Second, the extensive margin theory accords with the positioning of the study in the view that enhancing financial access is a policy measure that is often designed to increase both the depth and width of financial access such that both existing and previously excluded users are susceptible to benefit from the enhancement of financial access. In essence, as argued by Tchamyou et al. (2019), the extensive margin theory is relevant when interactive regressions are taken on board.
Data and Methodology
Data
The research focuses on 25 nations in SSA using data for the period 1980–2014. Constraints in the availability of data at the time of the study motivate the adopted geographical and temporal scopes. The dataset is restructured to be consistent with the empirical strategy to be adopted for the research: the Generalized Method of Moments (GMM). Accordingly, the underlying estimation technique requires that the number of agents (i.e., cross-sections) be more than the number of periods each agent is characterized by (i.e., the number of years in each cross-section). Hence, in order to meet the N > T criterion for the employment of the empirical strategy (Tchamyou, Asongu and Nwachukwu 2018), the restructuring produces two sub-datasets: (i) seven five-year and (ii) five seven-year averages.
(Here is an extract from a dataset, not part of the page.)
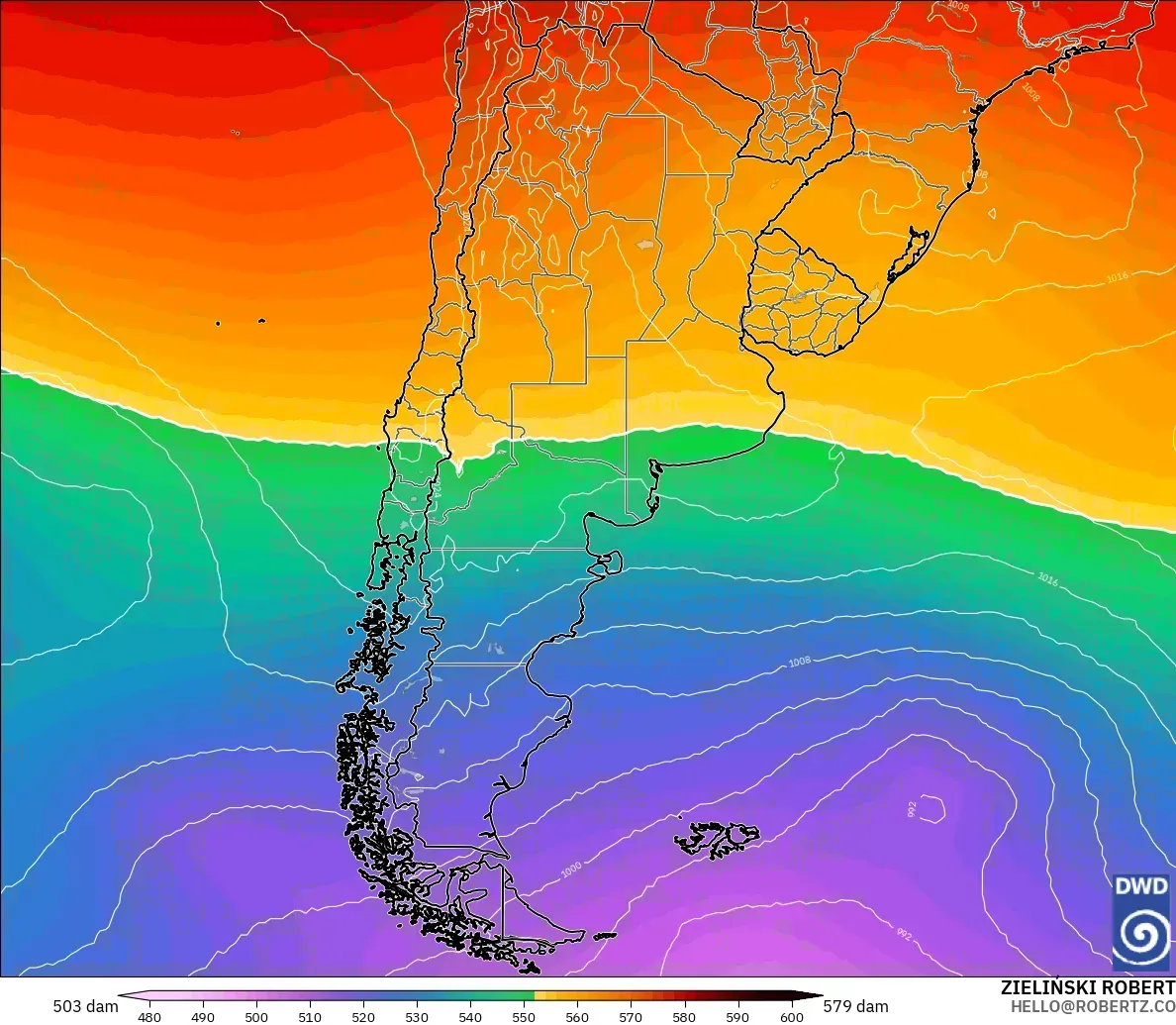 ICON modelo - Argentina, Altura geopotencial a 500 hPa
From an exploratory exercise, it is apparent that only the seven five-year datasets can produce estimated models that are void of concerns pertaining to instrument proliferation even when the option of collapsing instruments is taken on board in the regression exercise. It follows that the retained data averages in terms of non-overlapping intervals are: 1980–1986; 1987–1993; 1994–2000; 2001–2007 and 2008–2014.
Consistent with the motivation of the research, three outcome indicators are used: value added in the agricultural sector, value added in the manufacturing sector, and value added in the service sector. The selection of these indicators, which are sourced from the World Development Indicators of the World Bank and the United Nations Conference on Trade and Development databases are in accordance with contemporary literature on value added across economic sectors (Meniago and Asongu 2019). The credit channel is used for financial access in accordance with contemporary financial development literature (Tchamyou 2019, 2020). This indicator is from the Financial Development and Structure Database of the World Bank. The average value of financial access in the sampled countries is about 21 percent (i.e., domestic credit to private sector as a percentage of GDP).
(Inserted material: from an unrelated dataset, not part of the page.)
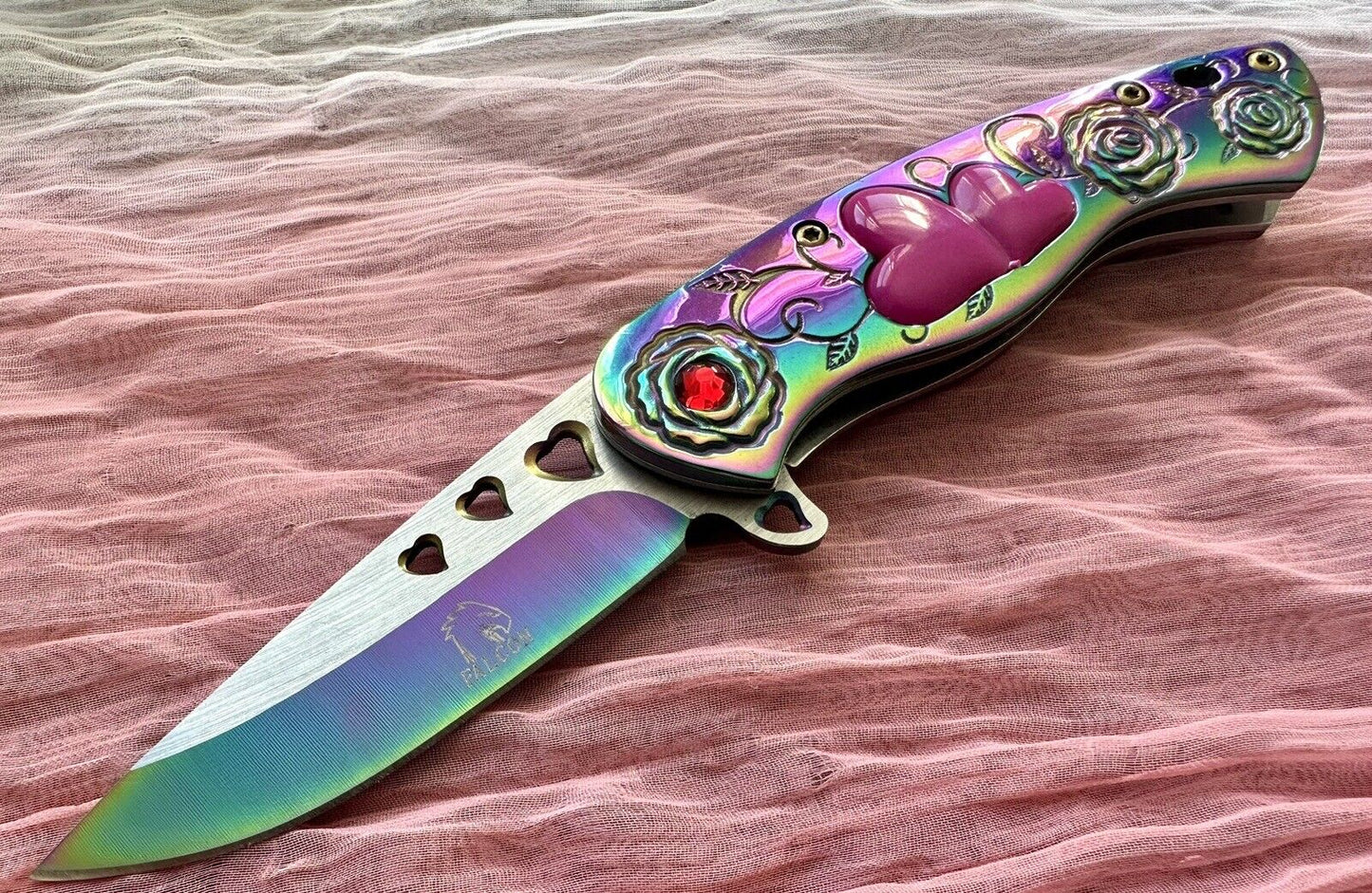 Love Pocket Knife Hearts 💕 Ladies Knife Small Folding Rainbow Sharp Pink 4” Spring Assisted Girly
To control for the omission-of-variable bias, three variables are adopted in the conditioning information set, namely: foreign direct investment (FDI), population, and government expenditure. The choice of these variables from the World Development Indicators of the World Bank is in accordance with contemporary productivity and economic development studies; notably, Becker, Laeser and Murphy (1999), Barro (2003), Heady and Hodge (2009), Sahoo, Ranjan and Nataraj (2010), Ssozi and Asongu (2016a, 2016b), Elu and Price (2010, 2017), Dunne and Masiyandima (2017), Tchamyou (2017), and Efobi, Tanankem and Asongu (2018). All the three adopted variables are expected to positively affect the outcome variables. However, if the government expenditure is not tailored to promote economic activity in the various economic sectors, an opposite incidence may be apparent, especially when such expenditure is more skewed for consumption than production processes on the one hand, and on the other, characterized by activities of corrupt officials. Moreover, while population has been documented to promote investment and productivity, the expected impact may be significant if the majority of the population is employed (Asongu 2013). It follows that the anticipated effect of population may also be insignificant because most of the population is unemployed and, by extension, fewer people are productively involved in the corresponding economic sectors. Appendices A, B, and C disclose the definitions and sources of variables, the summary statistics, and the correlation matrix, respectively.
Methodology
Specification
In light of the narrative in the data section and following the motivations in contemporary GMM-centric literature (Akinyemi et al. 2019; Tchamyou 2020), a two-step GMM estimation strategy based on forward orthogonal deviations is adopted for the purpose of this study. The motivations for choosing this empirical approach is also consistent with the data structure because: (i) the number of cross-sections is higher than the corresponding number of periods in each cross-section; (ii) the outcome variables are persistent because their levels and first lags correlate to a height of above 0.800 which is the established metric for assessing persistence in a variable (Tchamyou 2019); (iii) there is an account for the simultaneity dimension of endogeneity with the use of internal instruments and some control for the unobserved heterogeneity when time-invariant omitted variables are taken on board; and (iv) the choice of the GMM approach, as opposed to a Two-Stage Least Squares instrumental variable approach, is because of the absence of appropriate external instruments for the study.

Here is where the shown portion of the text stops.